===== MATERIAL PROVIDED =====

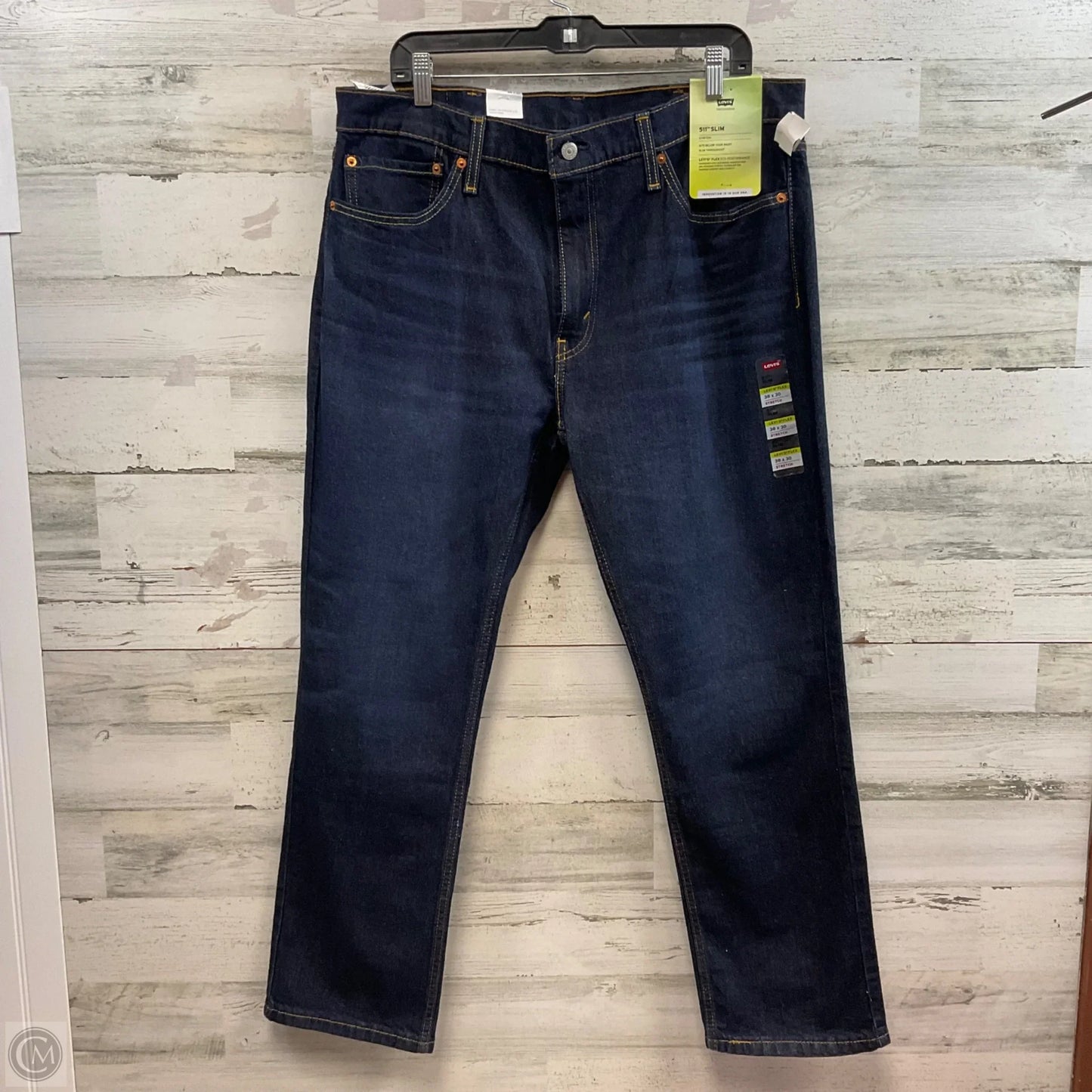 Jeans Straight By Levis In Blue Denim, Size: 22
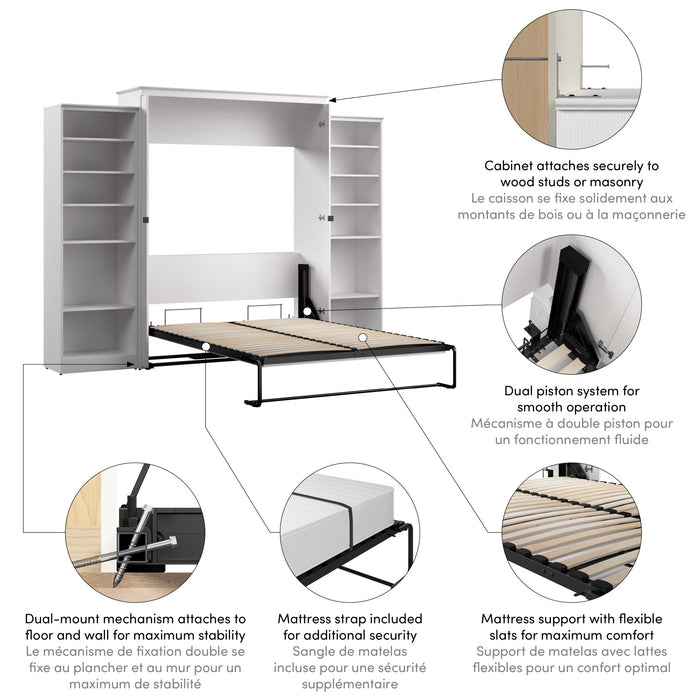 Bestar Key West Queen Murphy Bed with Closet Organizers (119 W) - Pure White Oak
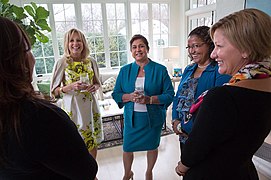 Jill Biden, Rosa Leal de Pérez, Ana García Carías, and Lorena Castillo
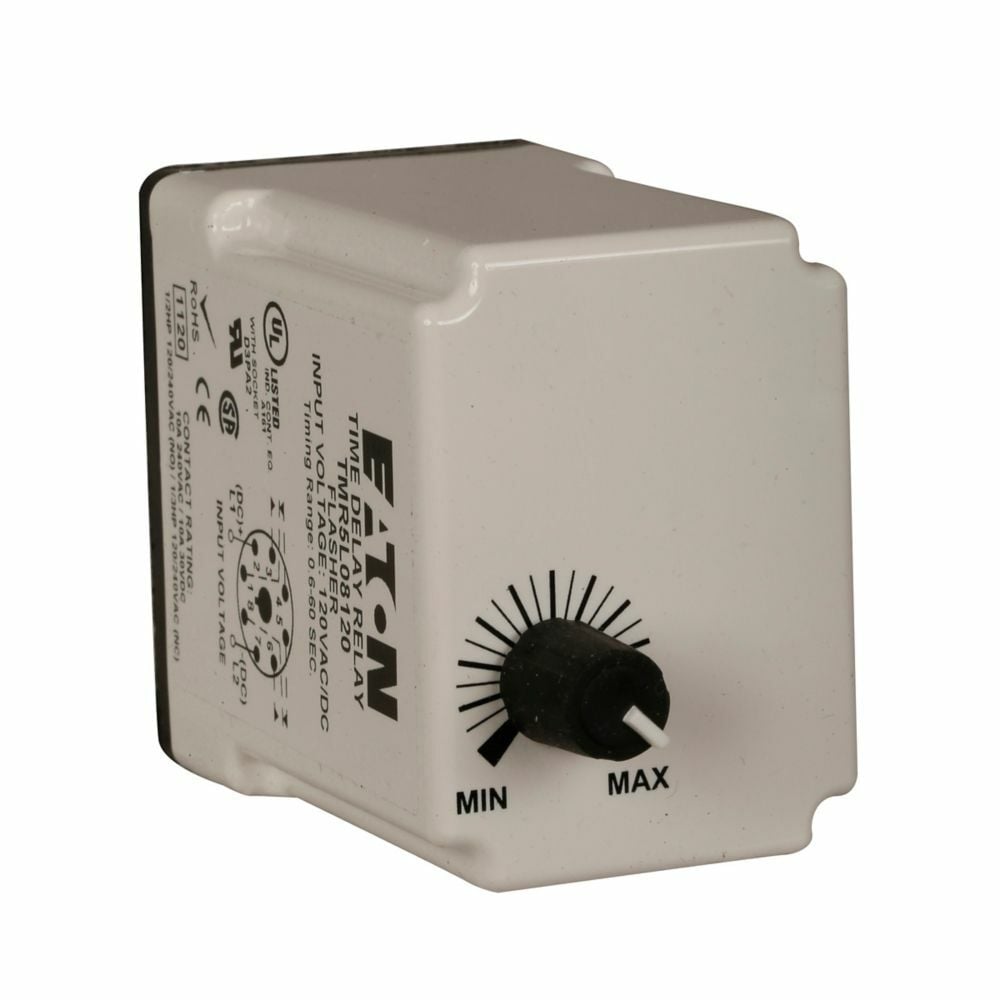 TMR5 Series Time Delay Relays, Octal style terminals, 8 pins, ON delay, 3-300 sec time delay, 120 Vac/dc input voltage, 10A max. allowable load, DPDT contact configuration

=====

Copy all of the listing word for word, minus the images.

 Jeans Straight By Levis In Blue Denim, Size: 22
 Bestar Key West Queen Murphy Bed with Closet Organizers (119 W) - Pure White Oak
 Jill Biden, Rosa Leal de Pérez, Ana García Carías, and Lorena Castillo
 TMR5 Series Time Delay Relays, Octal style terminals, 8 pins, ON delay, 3-300 sec time delay, 120 Vac/dc input voltage, 10A max. allowable load, DPDT contact configuration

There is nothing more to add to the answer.